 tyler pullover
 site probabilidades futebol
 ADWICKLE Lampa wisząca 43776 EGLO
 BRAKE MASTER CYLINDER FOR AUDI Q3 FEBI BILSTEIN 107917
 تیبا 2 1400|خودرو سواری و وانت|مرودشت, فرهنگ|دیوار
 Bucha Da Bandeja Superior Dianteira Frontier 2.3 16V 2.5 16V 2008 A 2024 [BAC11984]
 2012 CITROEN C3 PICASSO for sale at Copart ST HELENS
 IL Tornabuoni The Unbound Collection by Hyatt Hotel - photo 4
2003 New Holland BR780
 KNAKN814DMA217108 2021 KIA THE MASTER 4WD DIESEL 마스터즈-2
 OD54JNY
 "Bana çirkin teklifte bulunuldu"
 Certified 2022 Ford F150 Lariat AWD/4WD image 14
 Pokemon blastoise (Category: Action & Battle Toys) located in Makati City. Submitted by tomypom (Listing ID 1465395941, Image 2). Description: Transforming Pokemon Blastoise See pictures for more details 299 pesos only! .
...
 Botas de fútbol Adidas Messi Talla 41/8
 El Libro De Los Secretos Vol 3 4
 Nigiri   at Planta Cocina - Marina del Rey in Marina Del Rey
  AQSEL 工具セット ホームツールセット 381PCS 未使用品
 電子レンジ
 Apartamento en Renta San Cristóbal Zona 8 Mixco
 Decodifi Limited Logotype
==
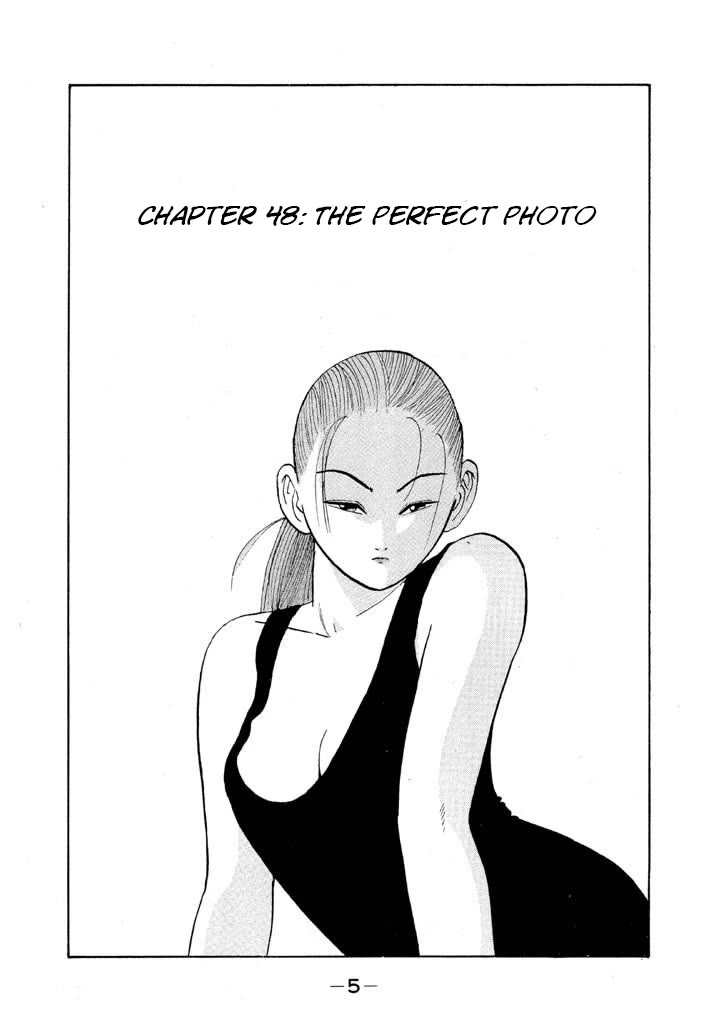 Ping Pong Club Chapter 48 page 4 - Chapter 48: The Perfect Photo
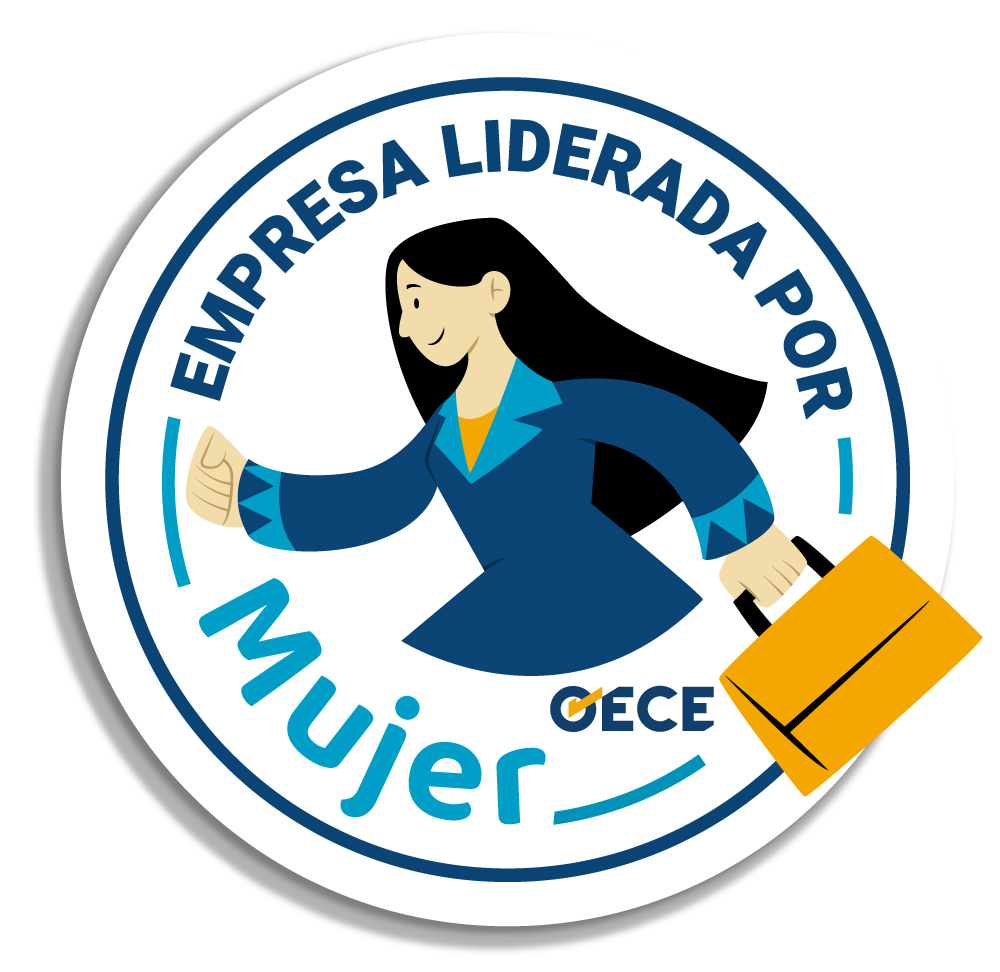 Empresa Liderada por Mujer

* _ACTIVITY_
Quote the listing above, but only from the line that shows "El Libro De Los Secretos Vol 3 4" through the line that shows "Decodifi Limited Logotype".

* _EXERCISE RESPONSE_
 El Libro De Los Secretos Vol 3 4
 Nigiri   at Planta Cocina - Marina del Rey in Marina Del Rey
  AQSEL 工具セット ホームツールセット 381PCS 未使用品
 電子レンジ
 Apartamento en Renta San Cristóbal Zona 8 Mixco
 Decodifi Limited Logotype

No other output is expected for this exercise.